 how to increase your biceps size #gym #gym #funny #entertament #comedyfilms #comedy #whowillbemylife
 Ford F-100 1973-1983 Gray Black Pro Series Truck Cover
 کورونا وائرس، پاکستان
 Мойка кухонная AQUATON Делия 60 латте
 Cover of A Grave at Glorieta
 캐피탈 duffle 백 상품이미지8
------
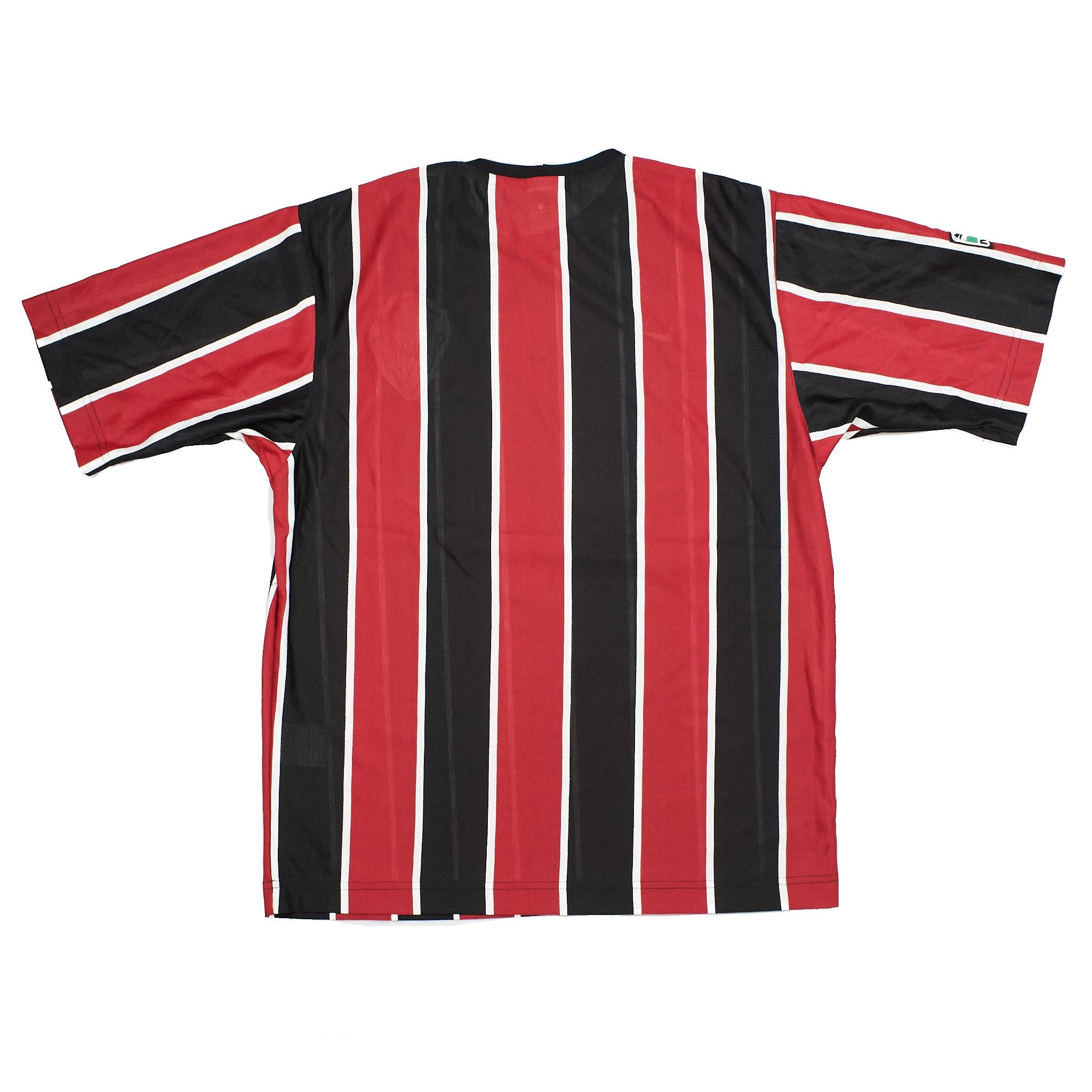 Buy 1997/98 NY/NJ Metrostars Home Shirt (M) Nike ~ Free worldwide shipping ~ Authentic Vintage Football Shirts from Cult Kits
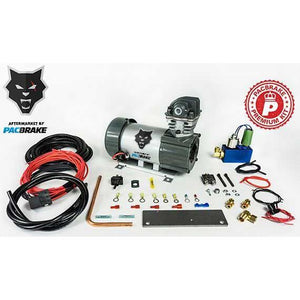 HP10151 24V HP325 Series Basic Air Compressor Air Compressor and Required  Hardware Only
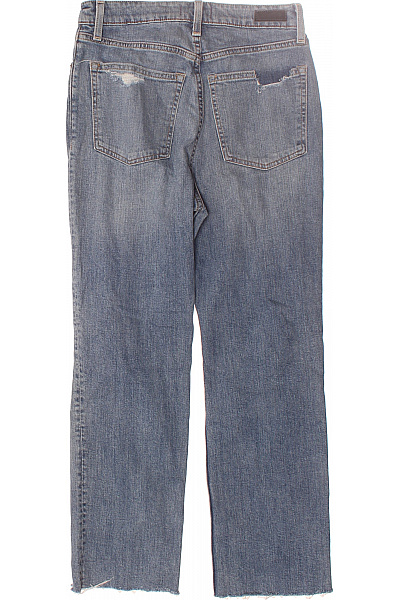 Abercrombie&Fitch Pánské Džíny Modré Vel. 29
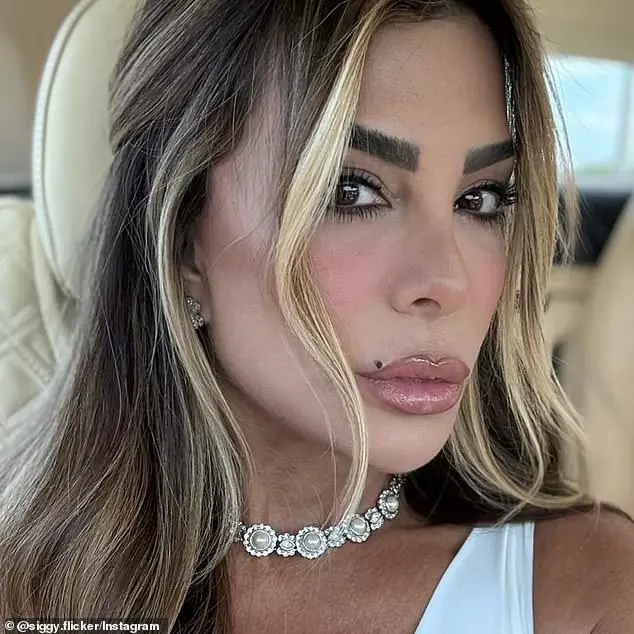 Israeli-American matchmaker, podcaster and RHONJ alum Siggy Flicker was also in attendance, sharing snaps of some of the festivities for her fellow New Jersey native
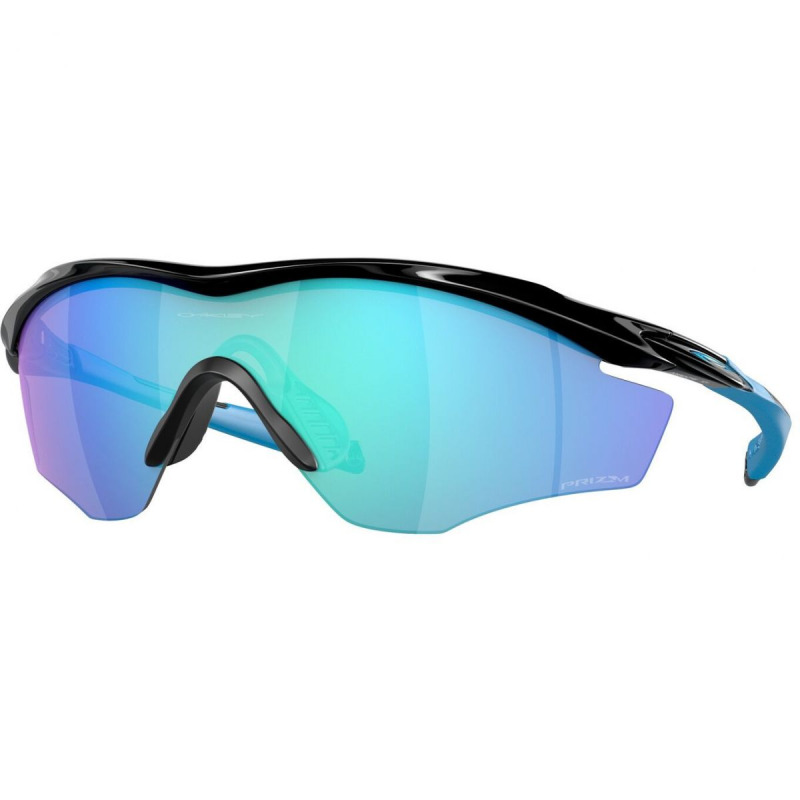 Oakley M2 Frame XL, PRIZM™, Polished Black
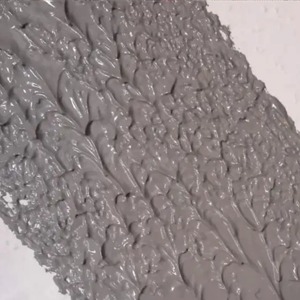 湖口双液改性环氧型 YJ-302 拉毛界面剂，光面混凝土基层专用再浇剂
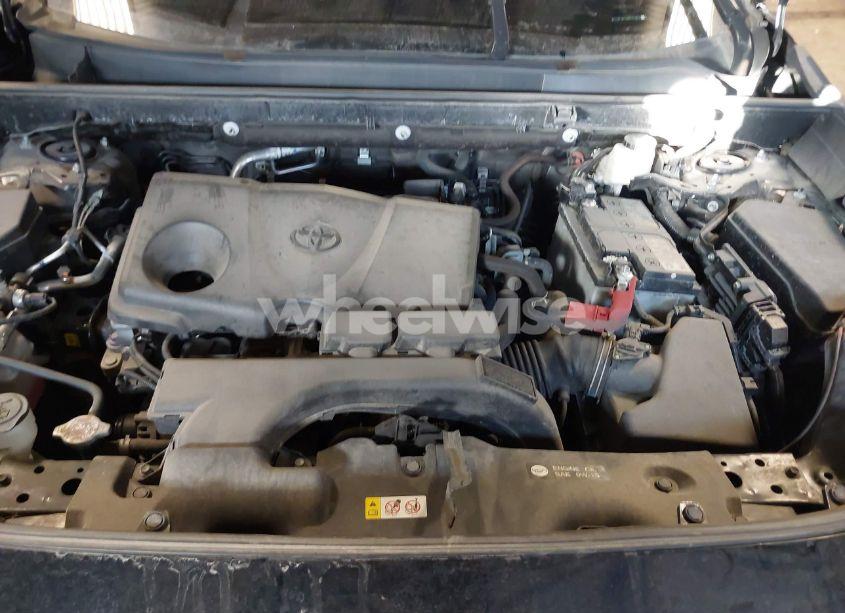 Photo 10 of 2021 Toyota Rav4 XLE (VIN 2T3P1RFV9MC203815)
------
Please return the material above only from the line that holds "湖口双液改性环氧型 YJ-302 拉毛界面剂，光面混凝土基层专用再浇剂" through the line that holds "Photo 10 of", exactly as it stands, ends included and pictures omitted.

 湖口双液改性环氧型 YJ-302 拉毛界面剂，光面混凝土基层专用再浇剂
 Photo 10 of 2021 Toyota Rav4 XLE (VIN 2T3P1RFV9MC203815)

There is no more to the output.